As anticipated, Barney Frank (D-MA), Chair of the House Financial Services Committee, proposed new legislation on Wednesday designed to allow U.S.-based companies to obtain licenses and operate federally regulated online gambling sites. The bill, titled the Internet Gambling Regulation, Consumer Protection, and Enforcement Act of 2009 (H.R. 2267), would also allow such sites to accept bets from U.S. customers.

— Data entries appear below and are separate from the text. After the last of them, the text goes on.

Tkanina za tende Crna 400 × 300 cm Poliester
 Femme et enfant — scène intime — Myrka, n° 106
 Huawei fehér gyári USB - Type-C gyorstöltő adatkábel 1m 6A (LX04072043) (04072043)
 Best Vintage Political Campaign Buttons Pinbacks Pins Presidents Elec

Frank also introduced a second bill Wednesday, the Reasonable Prudence in Regulation Act (H.R. 2266), the purpose of which is to delay for one year the final implementation of regulations for the Unlawful Internet Gambling Enforcement Act of 2006. Regulations for the UIGEA, the law designed to prohibit U.S. financial institutions from allowing customers to send funds to offshore online gambling sites, were finalized and put into effect on January 19, 2009, although the affected “designated payment systems” will not be required to begin complying with the prohibition until December 1, 2009. If passed, H.R. 2266 would push that date by which to comply to December 1, 2010.
The Internet Gambling Regulation, Consumer Protection, and Enforcement Act represents the first attempt by federal legislators of the new Congress to counter the UIGEA, as well as the first such attempt to occur during the Obama administration.
Several anti-UIGEA bills had been proposed during the previous Congress, including Frank’s own Internet Gambing Regulation and Enforcement Act of 2007 (IGREA), with which the new bill bears several affinities. While Frank’s IGREA did garner support in the House, with nearly 50 members of the House (both Democrats and Republicans) ultimately signing on as co-sponsors, that bill ultimately failed to make it to the House floor for a vote. Some observers believe various factors, including a new administration and the ongoing global economic crisis, may help increase the prospects for H.R. 2267 to advance further up the legislative ladder, although Frank’s bill will surely have its opponents as well.
The Internet Gambling Regulation, Consumer Protection, and Enforcement Act of 2009 outlines both the process by which prospective online gambling operators would obtain licenses and the criteria which operators must satisfy in order to obtain such licenses. Each applicant must willingly submit to a vetting process that would include reviews of criminal and credit history, financial statements, and documentation regarding the applicant’s corporate structure. Operators who apply will also need to demonstrate plans to prohibit underage and problem gamblers from accessing their site, to ensure fair play, to prevent money laundering, and to comply with any other concerns that may arise with regard to law enforcement.
The bill also requires licensees not only to pay taxes on their own revenue but to collect any customer taxes as well “at the time of any payment of proceeds of Internet gambling” wherever presently required to do so by state and/or federal law. Amid these references to taxation, the bill does not outline specifically what activities shall be taxed or for how much, but simply refers to the dutiful payment of taxes “as required by law.” A third bill introduced on Wednesday by Congressman James McDermott (D-MA) would provide such a mechanism to collect taxes on online gambling. If McDermott’s bill were to be made law, H.R. 2267 would require licensees to follow such a mandate to pay and collect taxes as indicated.
Licenses will be issued for five-year terms, at which time operators can apply for renewal. The Treasury Department will reserve the authority to revoke or terminate licenses of those who fail to comply with the provisions of licensing, with violators facing fines and/or imprisonment up to five years.
H.R. 2267 explicitly notes that financial transaction providers will not be held liable under any other law (e.g., the UIGEA) for allowing customers to transfer funds to and from federally licensed online gambling sites. Also, as was the case with the IGREA, the bill also includes a “state opt-out” provision which would permit each state’s governor the option to disallow any licenses to operate online gambling sites to be issued in his or her state. A similar “opt-out” provision for Indian tribes is included as well.
The bill also specifically distinguishes sports betting as a variety of online gambling not to be permitted by H.R. 2267. Another section which should interest some in the online poker community specifically addresses the consequences for those individuals who are discovered attempting to cheat online gambling sites. Penalties (including fines and/or up to five years in prison) are outlined for anyone who “knowingly shall use, or assist another in the use of, an electronic, electrical, or mechanical device which is designed, constructed, or programmed specifically for use in obtaining an advantage in any game” hosted by a licensee “where such an advantage is prohibited or otherwise violates the rules of play established by the licensee.”
poker players Alliance Chairman Alfonse D’Amato was quick to praise Frank’s newly proposed legislation. “online poker is a legal, thriving industry and poker players deserve the consumer protections and the freedom to play that are provided for in this legislation,” said D’Amato.
All three bills have been referred to House committees for further discussion.